Exercise aim: When you reach the line with "Kit de Pintura" in the listing below, transcribe it and each line after it up to and including the line with "Women's UA Hustle", exactly and with nothing else.

Recorded information:
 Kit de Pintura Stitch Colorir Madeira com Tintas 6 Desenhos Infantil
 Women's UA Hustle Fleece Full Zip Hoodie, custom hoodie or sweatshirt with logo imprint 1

...

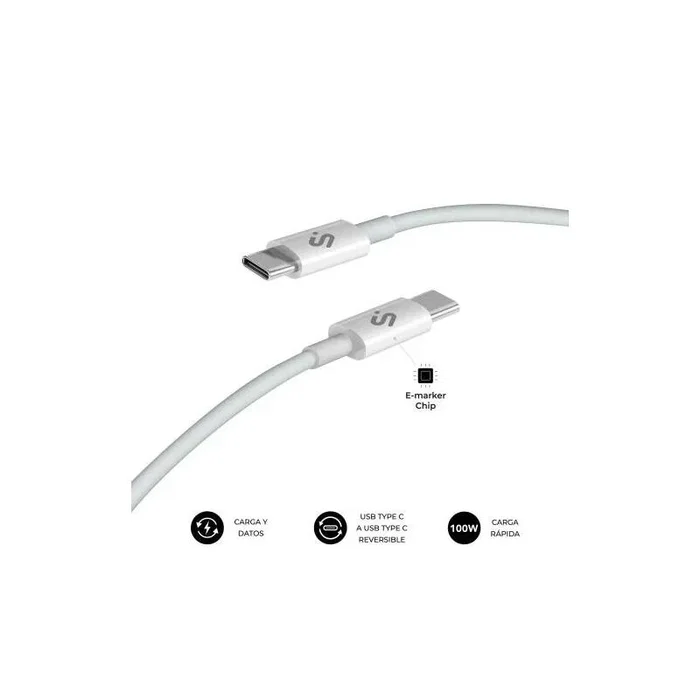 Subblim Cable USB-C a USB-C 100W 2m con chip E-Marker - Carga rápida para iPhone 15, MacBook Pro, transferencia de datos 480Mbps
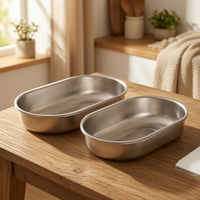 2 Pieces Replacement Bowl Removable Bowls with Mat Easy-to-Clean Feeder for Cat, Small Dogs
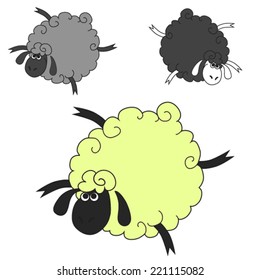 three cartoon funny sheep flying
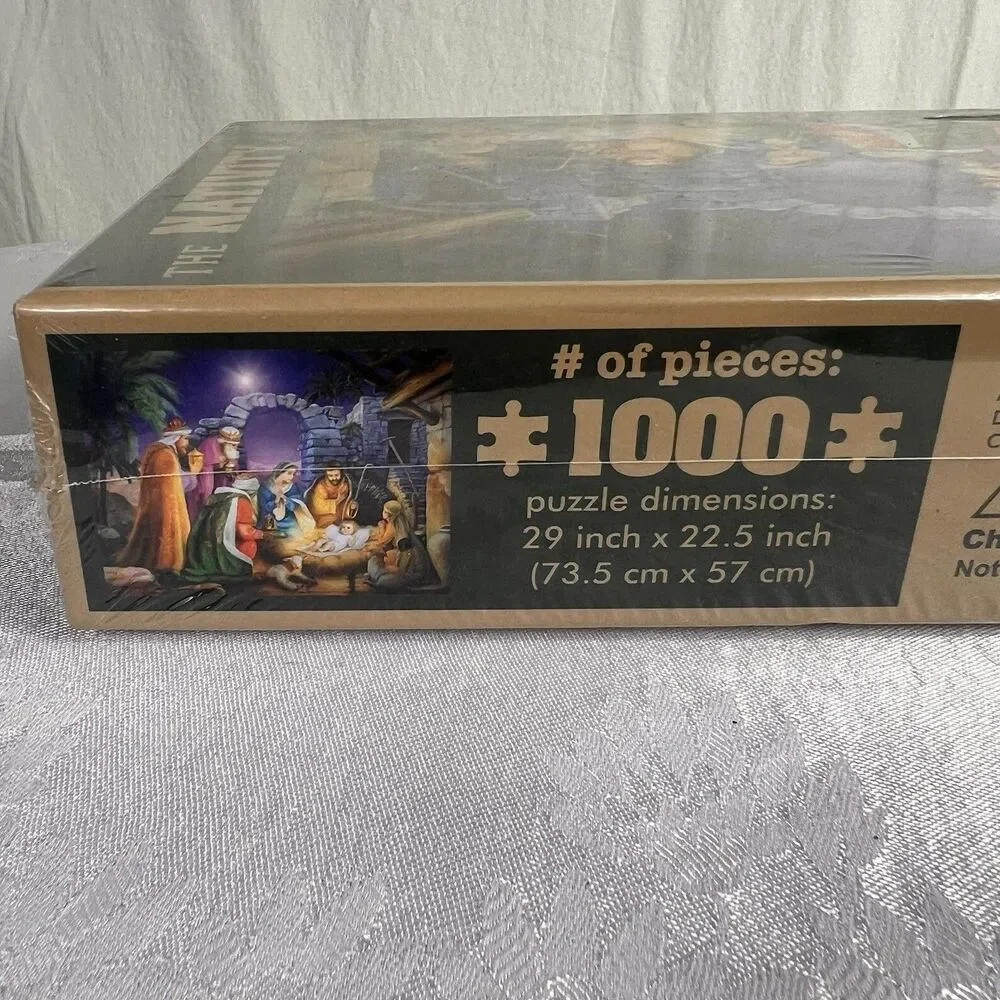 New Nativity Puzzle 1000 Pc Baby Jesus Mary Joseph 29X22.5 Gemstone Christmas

Exercise response:
 Kit de Pintura Stitch Colorir Madeira com Tintas 6 Desenhos Infantil
 Women's UA Hustle Fleece Full Zip Hoodie, custom hoodie or sweatshirt with logo imprint 1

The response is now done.